The country can definitely use more teachers. But it’s not a job for everybody. Savage stresses that a very capable nurse will not necessarily be a great nursing teacher. Teaching is a unique skill set, one that includes building and connecting effectively with one’s students.
Human connection means a great deal to Savage, in the clinics and in the classrooms. She speaks earnestly of the satisfaction that she finds getting to know her students and helping them to get going on their respective professional paths. That drive to relate to and help others is what makes teaching worthwhile, in her book.
“My favorite thing about it is my relationships with the students. I’m a teacher, I’m an educator, and I have that passion to work with students. I do spend hours grading papers and reading. But the relationships with the students are what drive me,” she says. “So many go through life without ever finding what their purpose is or what they’re passionate about. For me, it’s very fulfilling to see somebody find their passion and their purpose.”
It’s definitely not for the money. She notes that those who enter nursing education have to give up the opportunity to earn much higher salaries that come from working in nursing practice.

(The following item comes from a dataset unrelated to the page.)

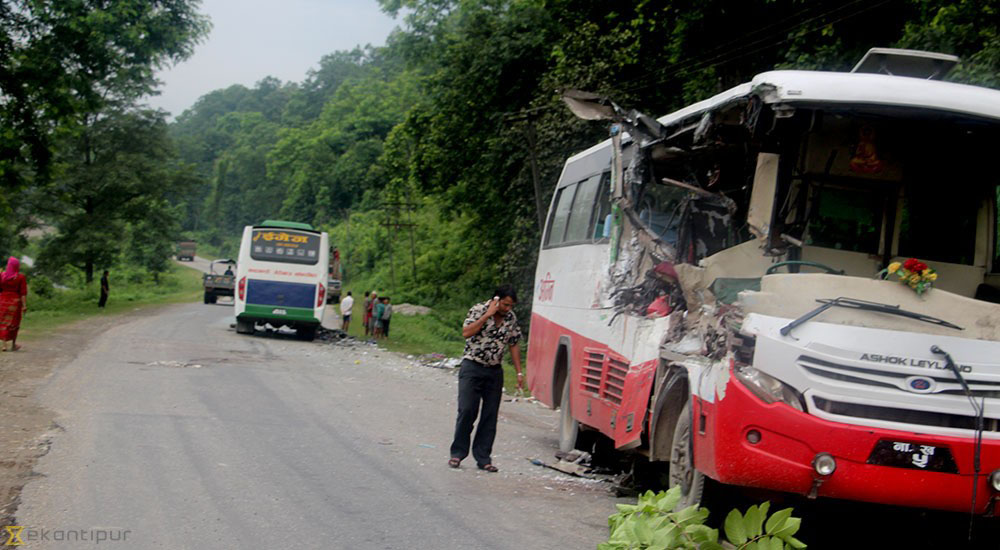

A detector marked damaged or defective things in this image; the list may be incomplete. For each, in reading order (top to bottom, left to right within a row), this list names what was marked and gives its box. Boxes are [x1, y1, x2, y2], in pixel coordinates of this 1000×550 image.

“You have to be willing to work for less money. If money is something that drives you then you’re not going to find it in nursing education,” she says.
Some nurses do a little of both, though, by teaching classes while doing some real-life practice on the side. This is the best of all worlds, in Savage’s view, since they not only earn more, but they also bring more experience and knowledge to the classes that they teach.
“I think that to be a really good teacher, you have to work in the field. I’ve had nurses that tried to teach but had very little experience, and it shows. I’d rather have someone teaching me who’s out there doing it. The book learning is okay, but you just can’t replace experience,” she says.
It’s also the more common route. Savage sees relatively few students go right from a bachelor’s of nursing program to the doctoral program for a teaching degree. The majority of those who make their way to teaching, she says, do so after having worked in clinical practice for a while and deciding that they would prefer to teach.
Need to be a People Person
Those who are thinking about teaching nursing need to think hard about whether it’s the best fit for their personal strengths and likes. Savage has many of her students read Standout: The Groundbreaking New Strengths Assessment from the Leader of the Strengths Revolution, by Marcus Buckingham, for the book’s assessment exercises, which break down an array of careers and the personality traits that will best suit someone for each. Teaching is one of those careers.
“Not everybody is a good teacher. You have to have a talent, and you have to love to teach,” she says. “Those people that do teach, they teach because they love it.”